Why I Love Learning From Ben Felix
What I find genuinely refreshing about Ben is that he is relentlessly honest about how uncomfortable good financial advice actually is. He will tell you that the best thing you can do for your investments is to stop looking at them. He will tell you that buying a house might be a worse financial decision than renting — and then hand you the maths to check for yourself. He has no products to sell you, no fund with a high fee to push. He just wants you to make fewer mistakes than most people make.
For young freelancers and entrepreneurs especially, his framework around human capital — the idea that your skills and knowledge are your most valuable asset in your twenties — is a perspective that changes how you think about every career decision you make. This interview is one of those rare conversations where you finish it and genuinely see money differently.
What You'll Learn From This Article
- Why investing has essentially been "solved" — and why psychology, not strategy, is the real challenge
- How the 5% rule tells you in 30 seconds whether renting or buying a home is the smarter financial move
- Why young people are probably under too much pressure to save — and what they should focus on instead
- How to use the PERMA model to set financial goals that actually lead to a good life
- The hidden cost of holding cash — and why doing "nothing" with your money is still a financial decision
- What Ben calls the top 10 financial mistakes people make — and which ones quietly destroy wealth over decades
Investing Has Already Been Solved — The Hard Part Is Your Brain
Ben Felix makes a bold claim early in the interview that most finance content would never dare to make: "Investing has been solved. We're going to use index funds. That's it." The reason most people don't benefit from this simple truth is not a lack of information — it's psychology.

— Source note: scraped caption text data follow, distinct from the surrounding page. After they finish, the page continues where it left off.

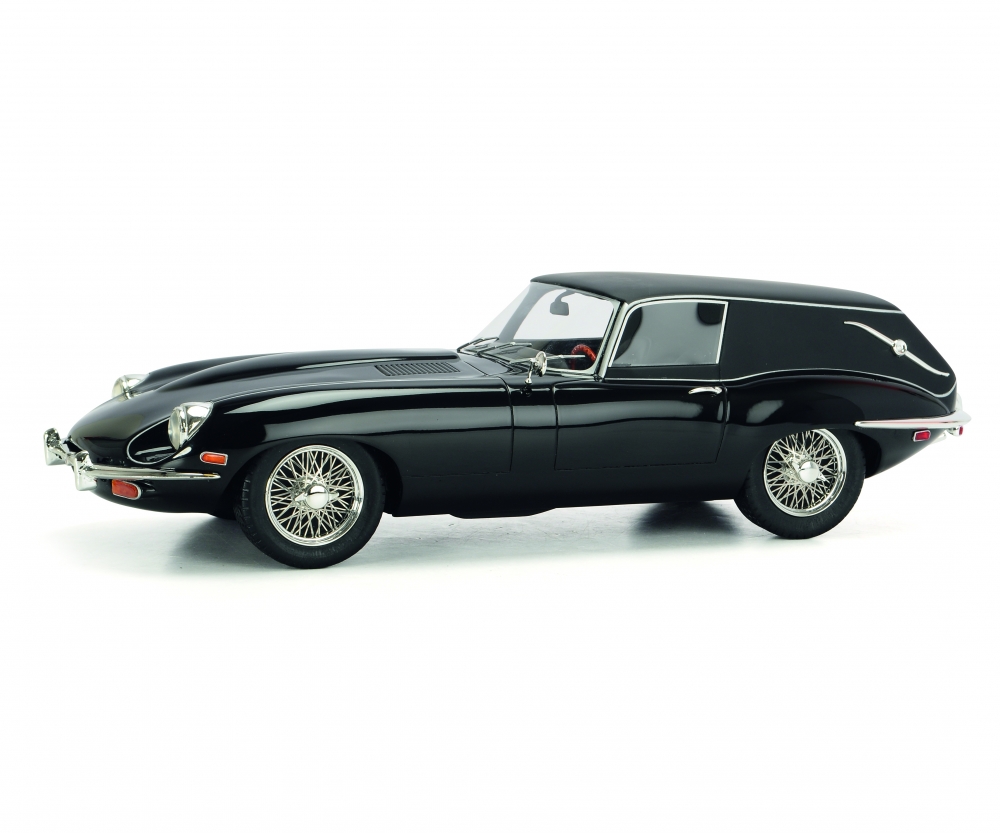 Schuco 450046100 Jaguar E-Type H&M 1:12 1:12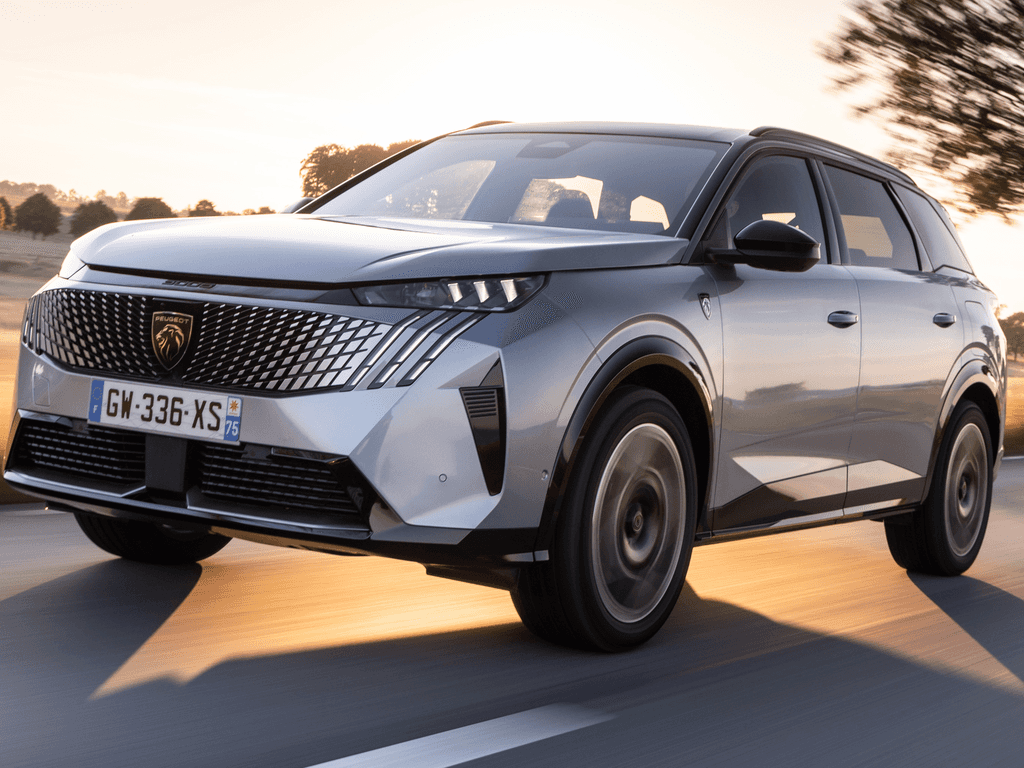 Vasca baule per Peugeot 5008 2024 - 2026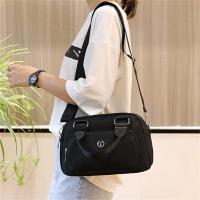 Bolso De Hombro Cruzado Grande Capacidad Impermeable Nylon Para Mujer Bolso De Trabajo Bolso De Mano Estilo Casual - details 7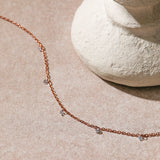 Sparkling Drop Necklace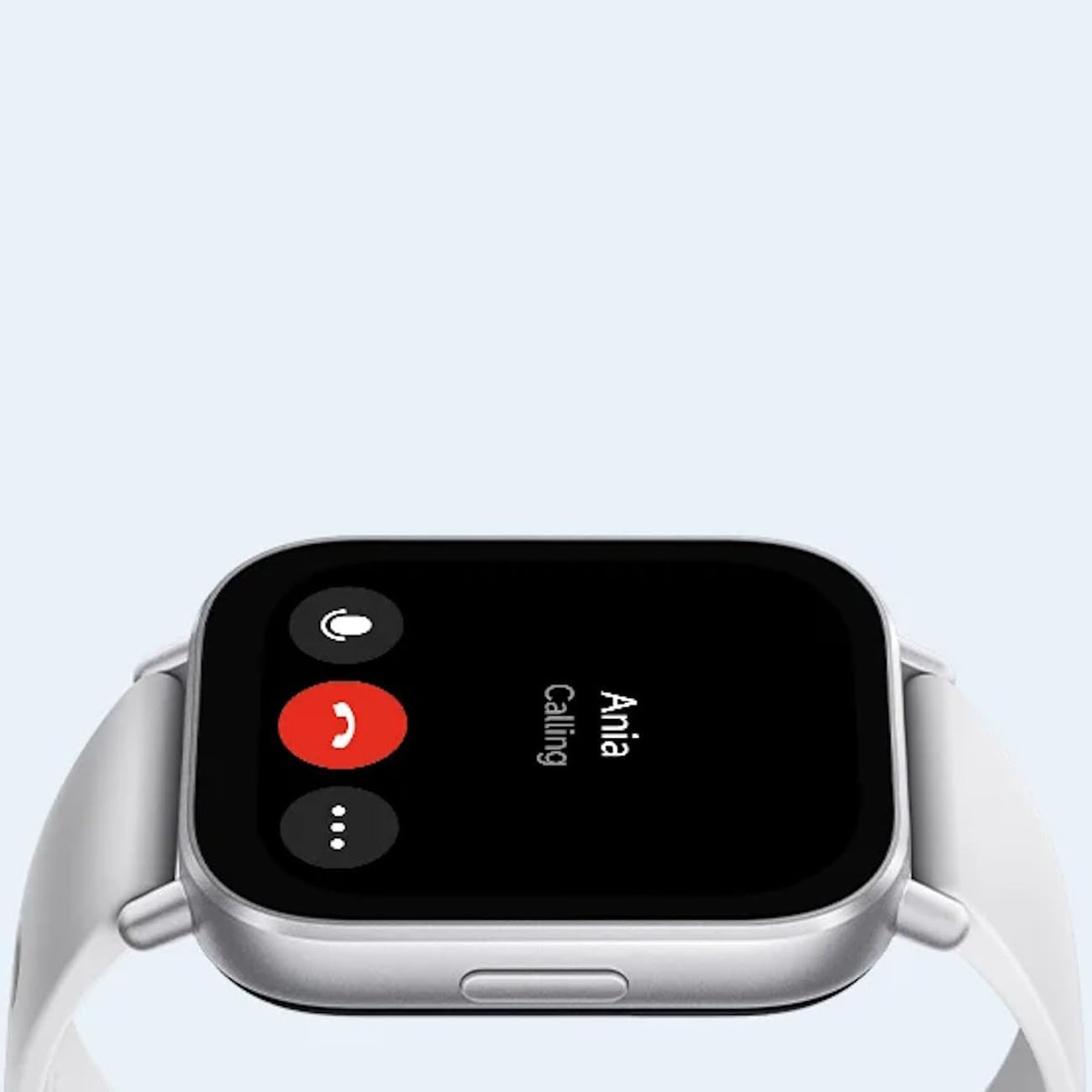 Xiaomi Redmi Watch 5 Active Matte Silver|Smartwatch| 2.0" LCD display, Long battery life, Bluetooth calling, Noise reduction, Health tracking, 5ATM waterproof, 18 days battery life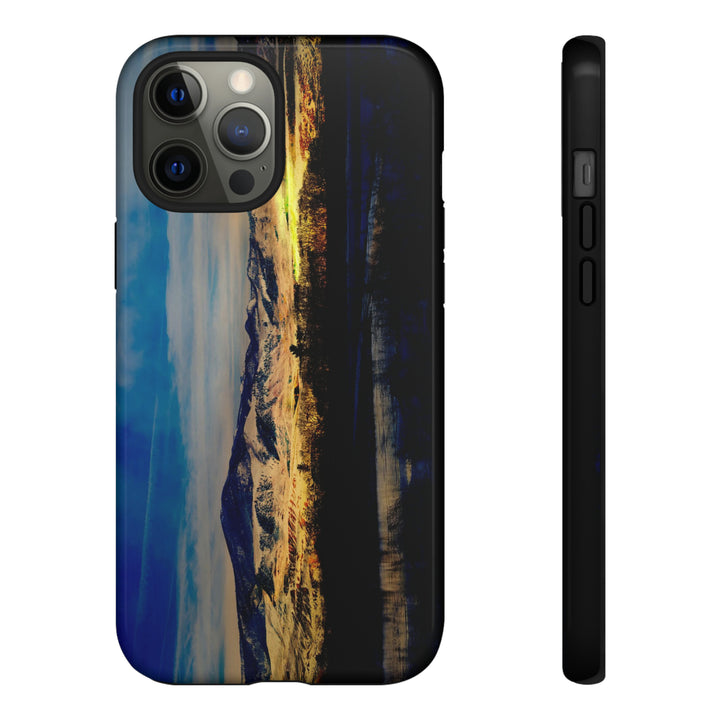 Cute IPhone Case | iPhone 15 Case | iPhone 15 Pro Max Case, Iphone 14 Case, Iphone 14 Pro Max Case IPhone Case for Traveler, Snowy Mountain Night - Studio40ParkLane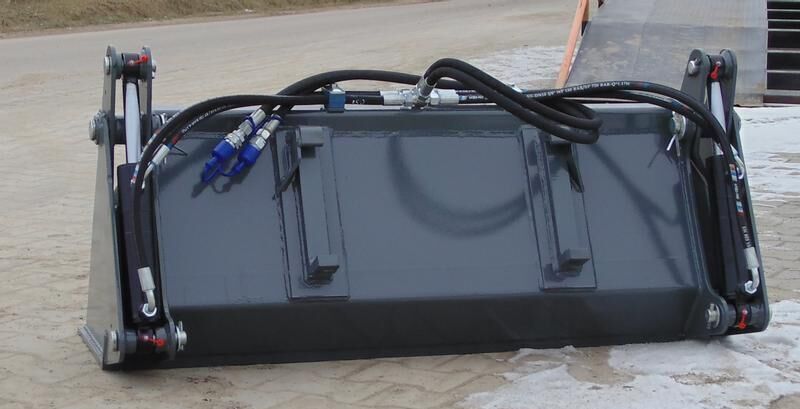 Metal-Technik 4 in 1 Schaufel / Łycha 4 w 1 / Cucharón 4 en 1 - Loader bucket: picture 2 Metal-Technik 4 in 1 Schaufel / Łycha 4 w 1 / Cucharón 4 en 1 - Loader bucket: picture 2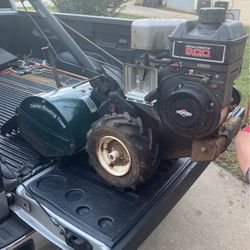 6.5 Hp 17”  Craftsman Tiller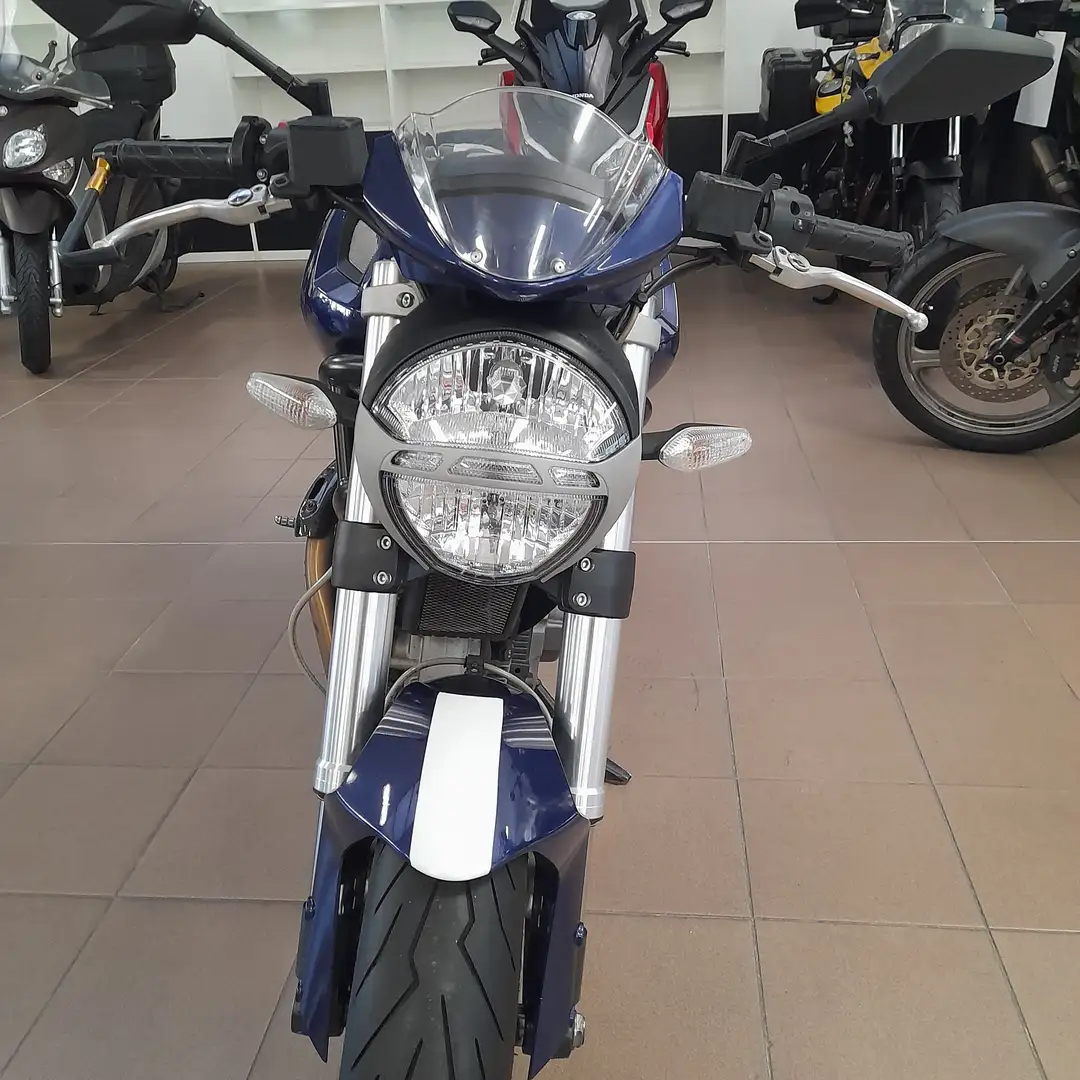 Ducati Monster 696 Blue - 2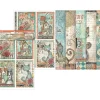 Stamperia Decoupage|Seidenpapier & Strohseide>Motiv-Strohseiden Sortiment "Furry Friends"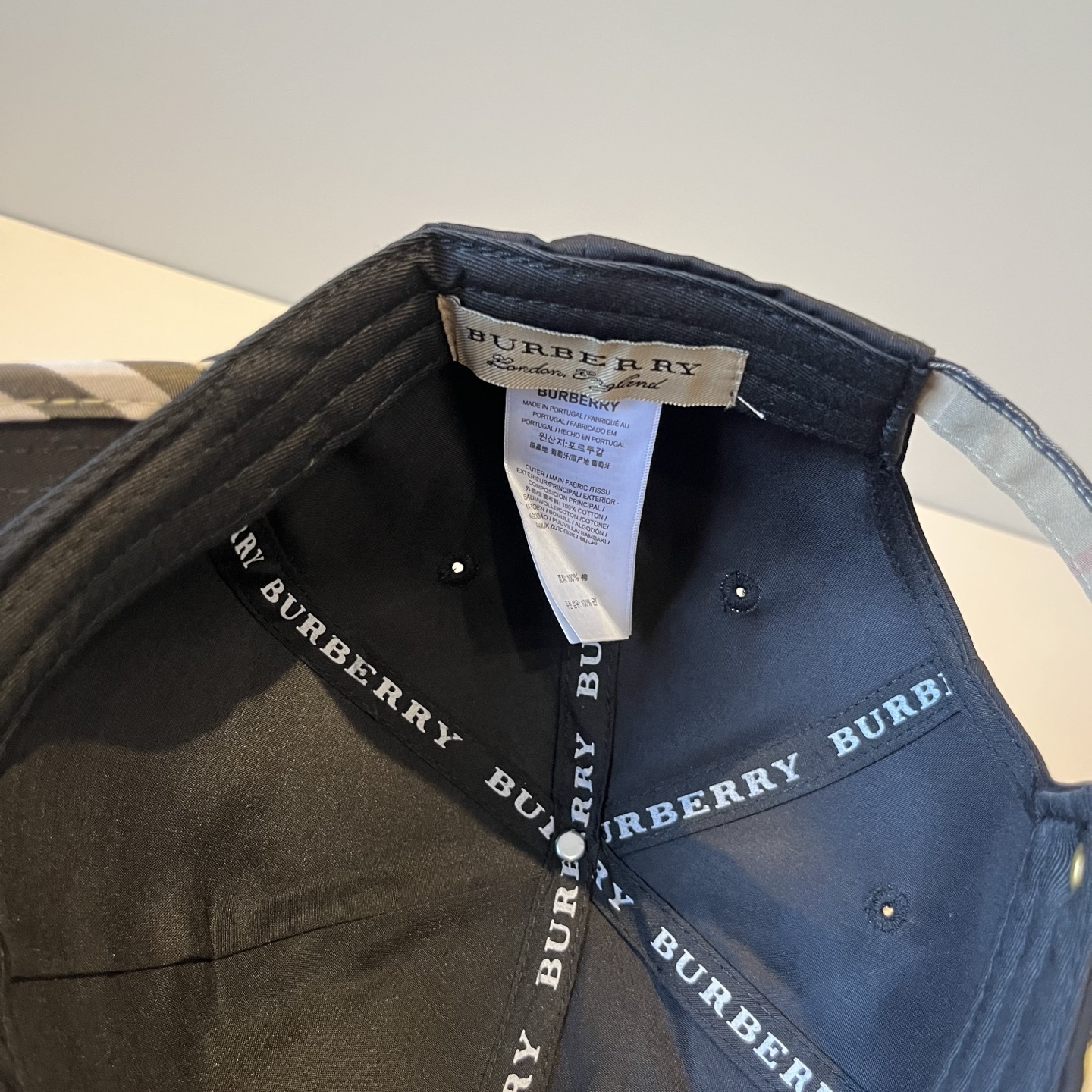  BURBERRY巴宝利早春新款棒球帽，简约尚时风，男女同款！高质品，尊享品质感！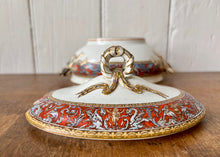Load image into Gallery viewer, Decorative antique tureen - historical repairs
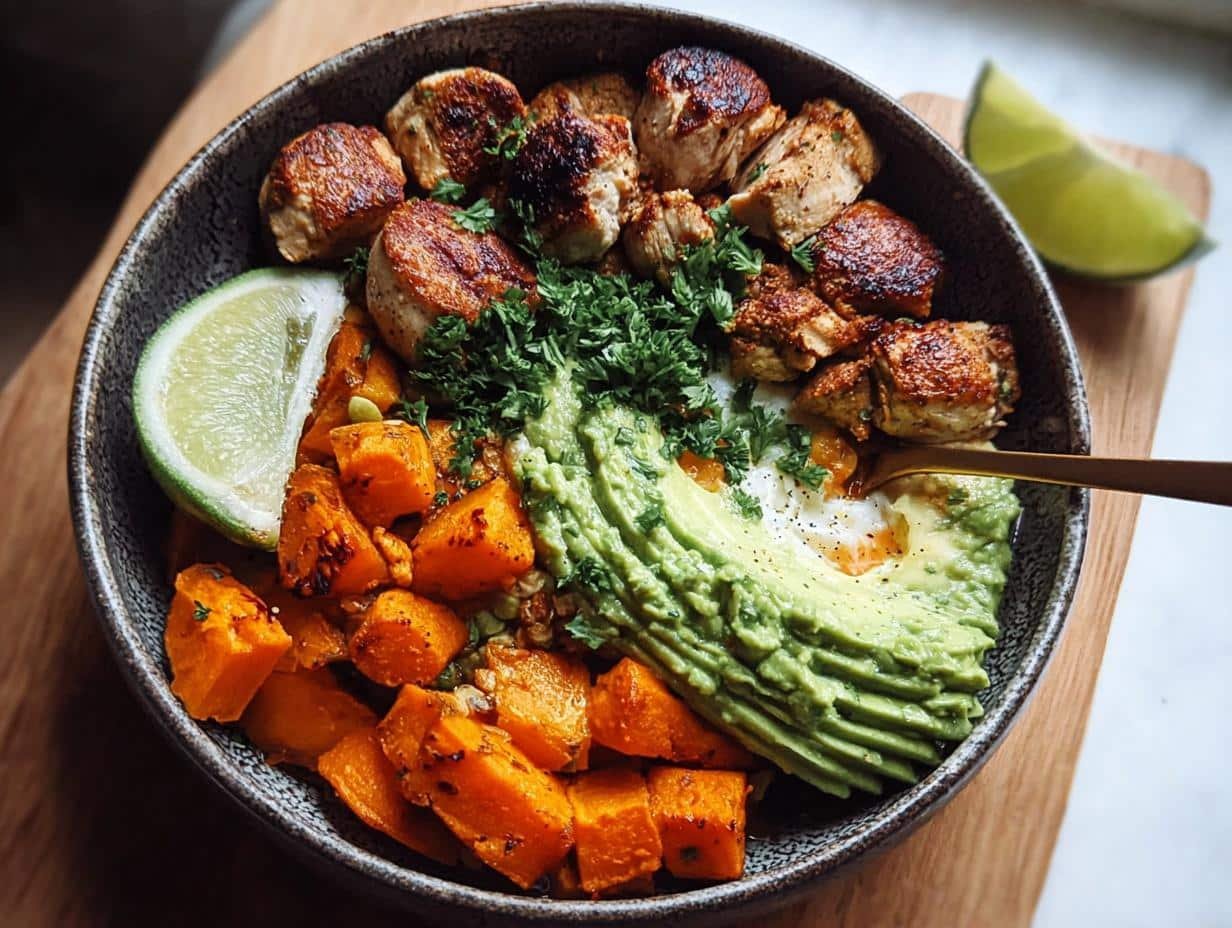 Sweet Avocado Mojo Bowls: 30-Minute Healthy Delight - Avocado Mojo Bowls Sweet - additional detail
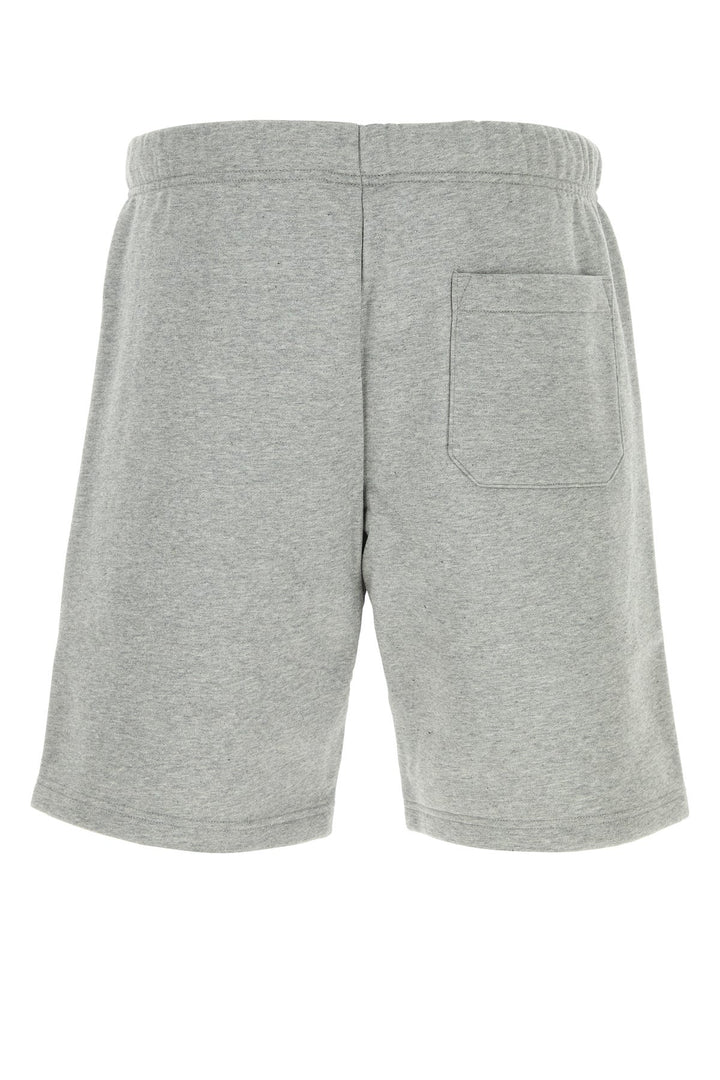 Melange grey cotton blend Chase Sweat Short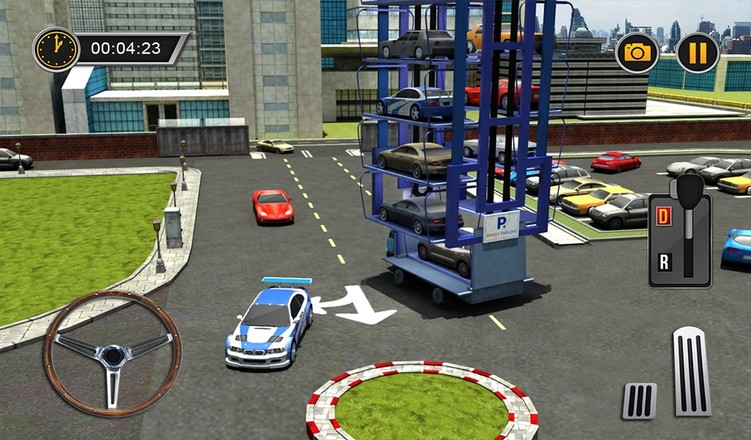 智能停车场辛鹤司机3D模拟：多层次 Smart Car Parking 2017截图8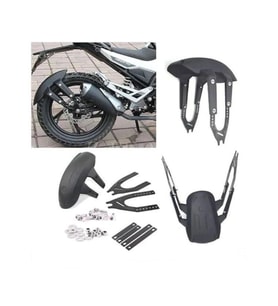 Motosiklet Arka Çamurluk Sıyırıcı, R25, Mt25, Cbr 250 (Siyah)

Our brains evolved for survival, not for holding a diversified stock portfolio through a 40% market crash without flinching. When you watch your portfolio drop 5% in a day, your nervous system reacts as though something is genuinely wrong. So people sell. Or they stop investing in stocks altogether. Or they shift to bonds and cash and feel "safer" — while quietly giving up the long-term returns that would have funded their retirement. Ben cites academic research showing that the more frequently people look at their investments, the less risk they take and the lower their long-term returns. Watching daily creates the illusion that the stock market is extremely dangerous. Zooming out to decades reveals that it is one of the most reliable wealth-building tools in history.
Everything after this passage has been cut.